* **Exercise aim**:
Word for word, write the records out again, but omit each picture.

* **Input for this task**:
□ □ □

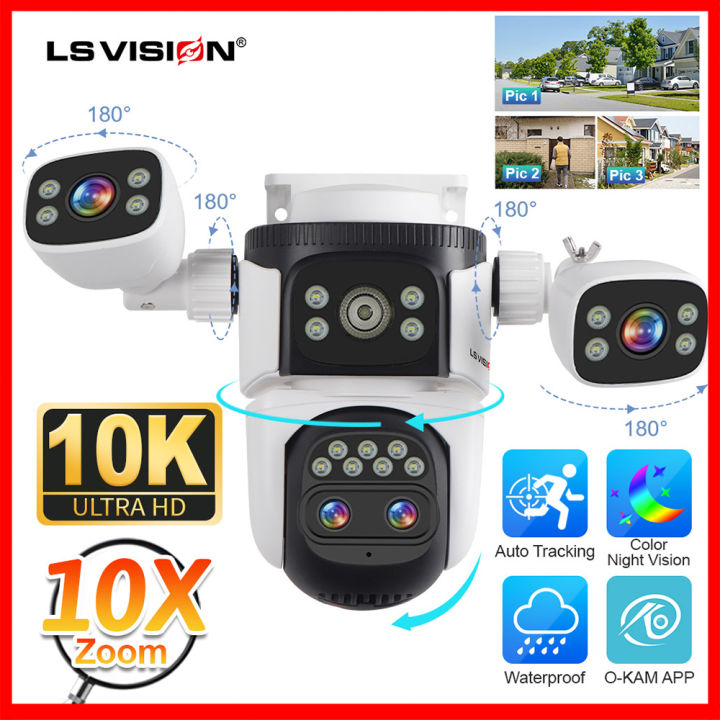 LS VISION 10K Lens Screen WIFI PTZ Camera 10X Zoom Linkage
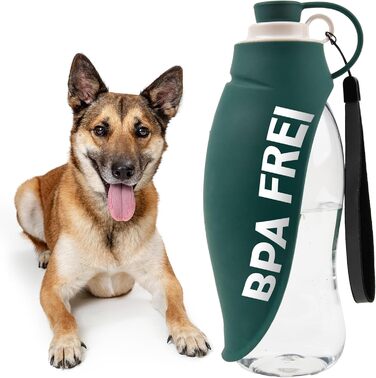 Турбувачка для собак Emmi-pet 600 мл з контейнером для корму 150 мл – портативна пляшка для води та їжі для собак, ідеальна для подорожей, прогулянок та активного відпочинку. Гігієнічна, легка в очищенні. Аксесуар для собак. Зелений колір, 580 мл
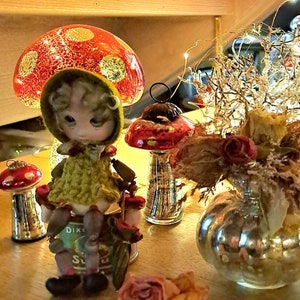 Vintage wooden puppet doll ornament made of polymer and wooden beads handmade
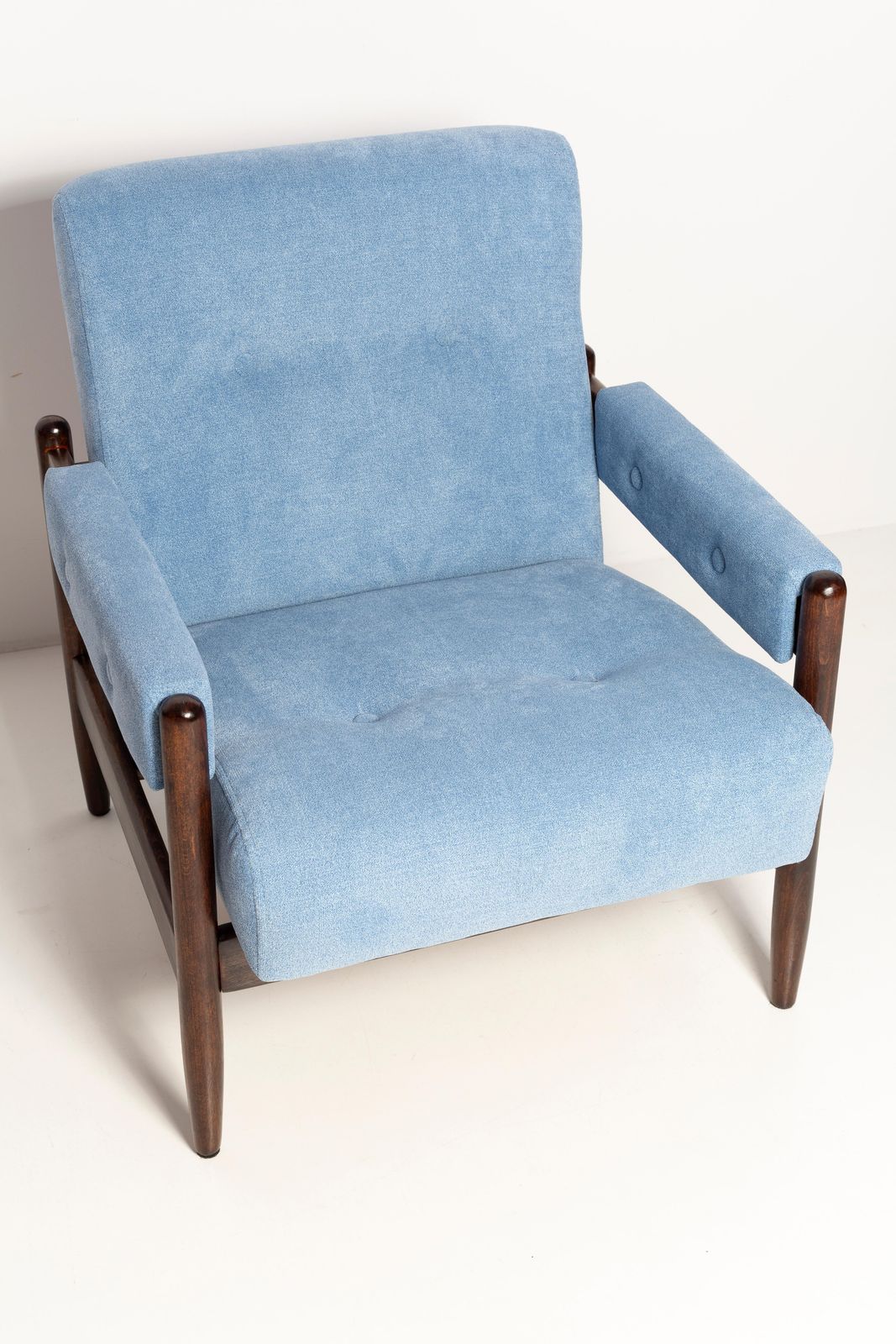 Mid Century Baby Blue Velvet Vintage Armchair, Walnut Wood, Europe, 1960s photo vinterior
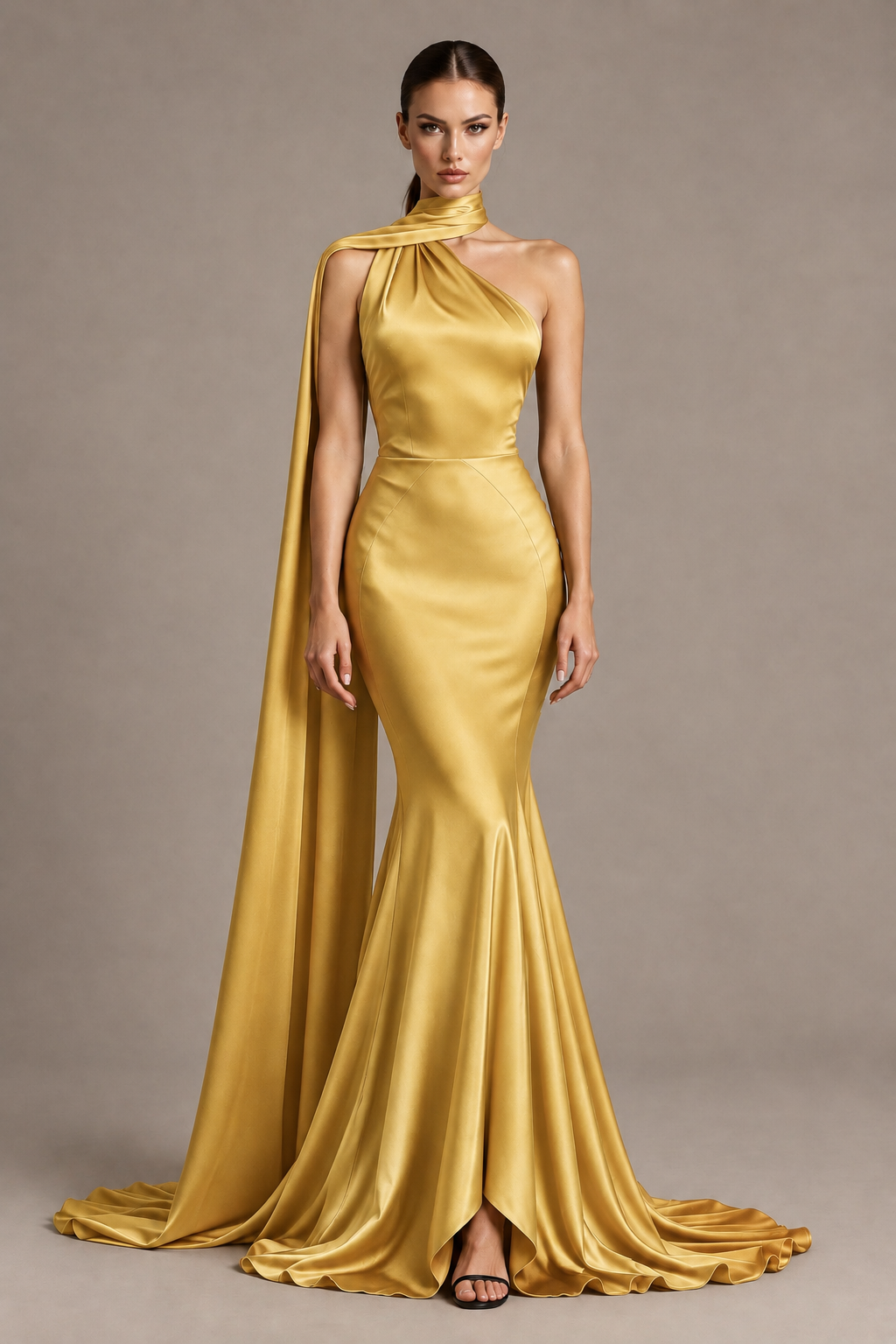 BOLODOO Gold One-Shoulder Satin Mermaid Evening Dress with Scarf - Gold - Gold_1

□ □ □

* **Response to the task**:
 LS VISION 10K Lens Screen WIFI PTZ Camera 10X Zoom Linkage
 Турбувачка для собак Emmi-pet 600 мл з контейнером для корму 150 мл – портативна пляшка для води та їжі для собак, ідеальна для подорожей, прогулянок та активного відпочинку. Гігієнічна, легка в очищенні. Аксесуар для собак. Зелений колір, 580 мл
 Vintage wooden puppet doll ornament made of polymer and wooden beads handmade
 Mid Century Baby Blue Velvet Vintage Armchair, Walnut Wood, Europe, 1960s photo vinterior
 BOLODOO Gold One-Shoulder Satin Mermaid Evening Dress with Scarf - Gold - Gold_1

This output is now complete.